--- START ---
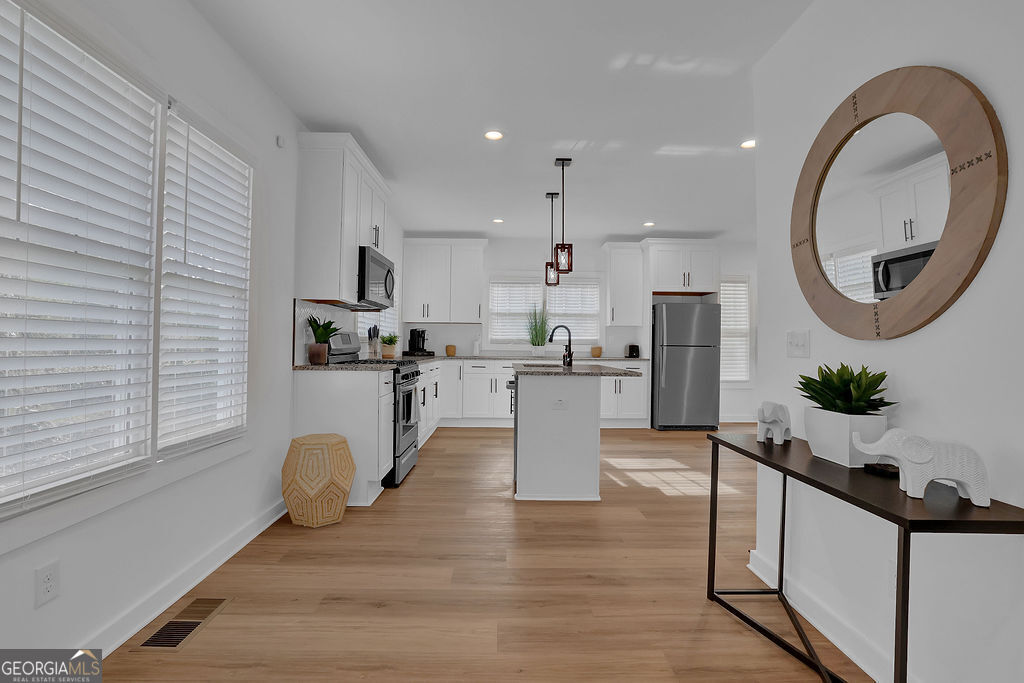 438 Hamilton E Holmes DR NW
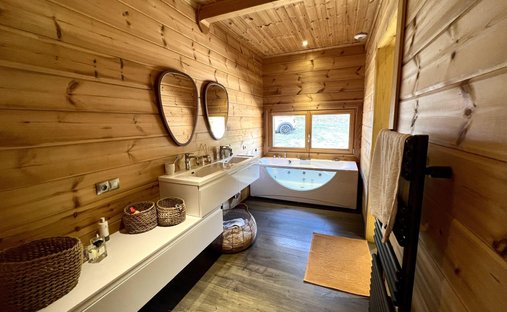 Santo Pietro DI Venaco, Château Pozzo DI Borgo, 12 Rooms, Park Panoramic Mountain Views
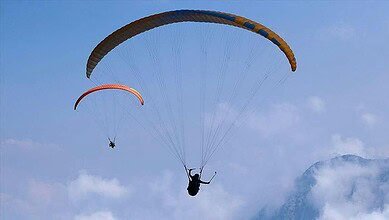 بالفيديو: رياح قوية كادت تتسبب بكارثة.. والوزارة تتابع ملف الطيارين الشراعيين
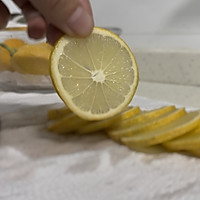 #春日养生局#满树的柠檬做成柠檬干保存的做法图解3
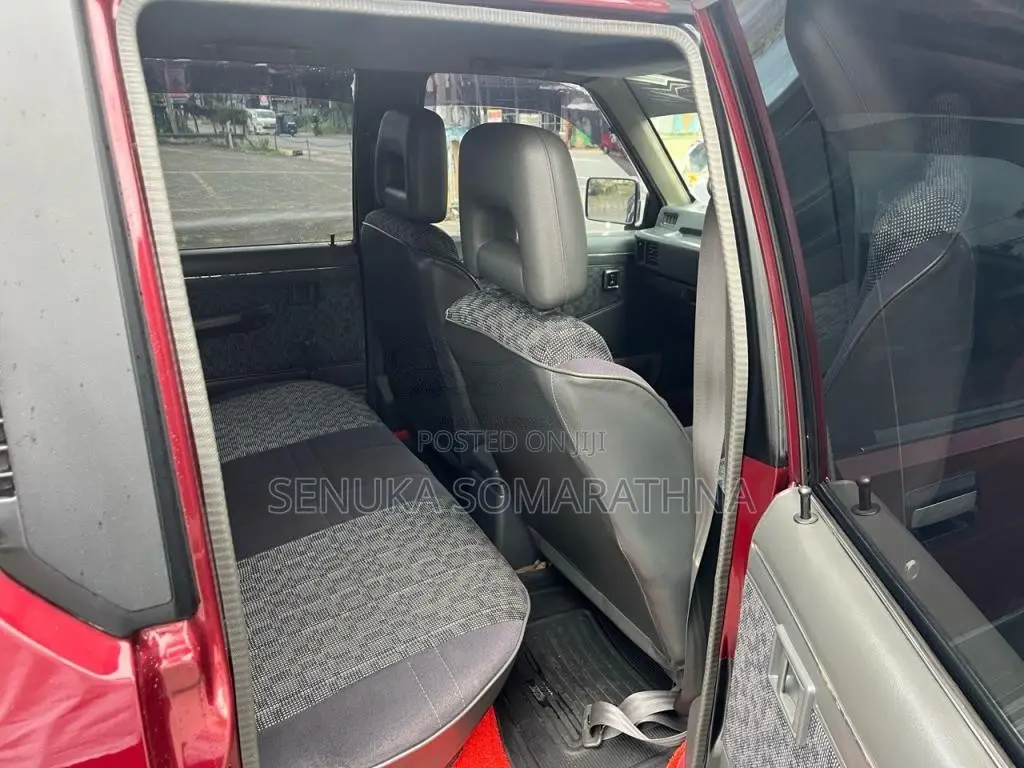 Mitsubishi Strada 1992 Pickup (Used)
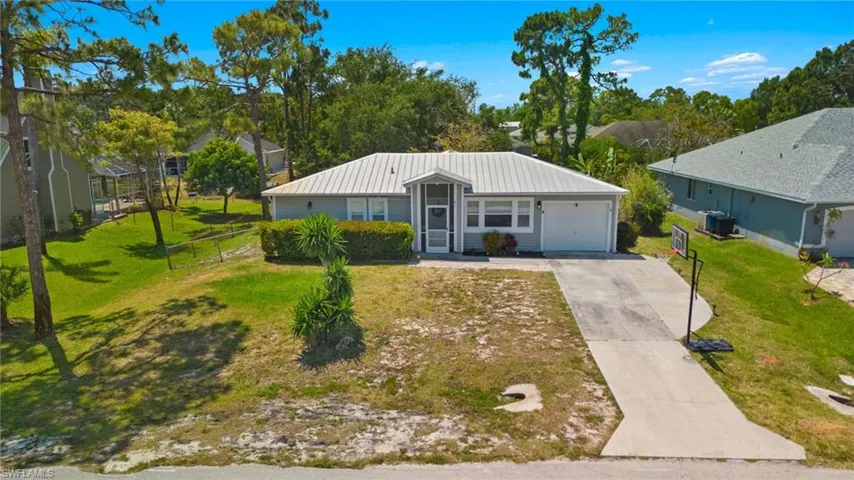 9016  Cypress S DR, Fort Myers, FL 33967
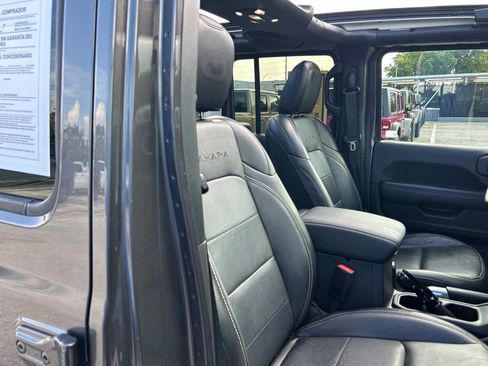 Used 2022 Jeep Wrangler Unlimited Sahara w/ Safety Group AWD/4WD image 25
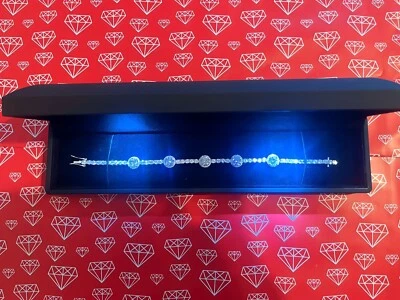 9.1ct White Gold Bangle Bracelet Diamond Test Pass Lab-Created VVS1/D/Excellent - Image 1 of 2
--- END ---
_Prompt:_
Write out, with no pictures, only the lines from the line containing "Myers, FL 33967" through the last line of the listing above, exactly and with both ends included.

_Expected answer:_
 9016  Cypress S DR, Fort Myers, FL 33967
 Used 2022 Jeep Wrangler Unlimited Sahara w/ Safety Group AWD/4WD image 25
 9.1ct White Gold Bangle Bracelet Diamond Test Pass Lab-Created VVS1/D/Excellent - Image 1 of 2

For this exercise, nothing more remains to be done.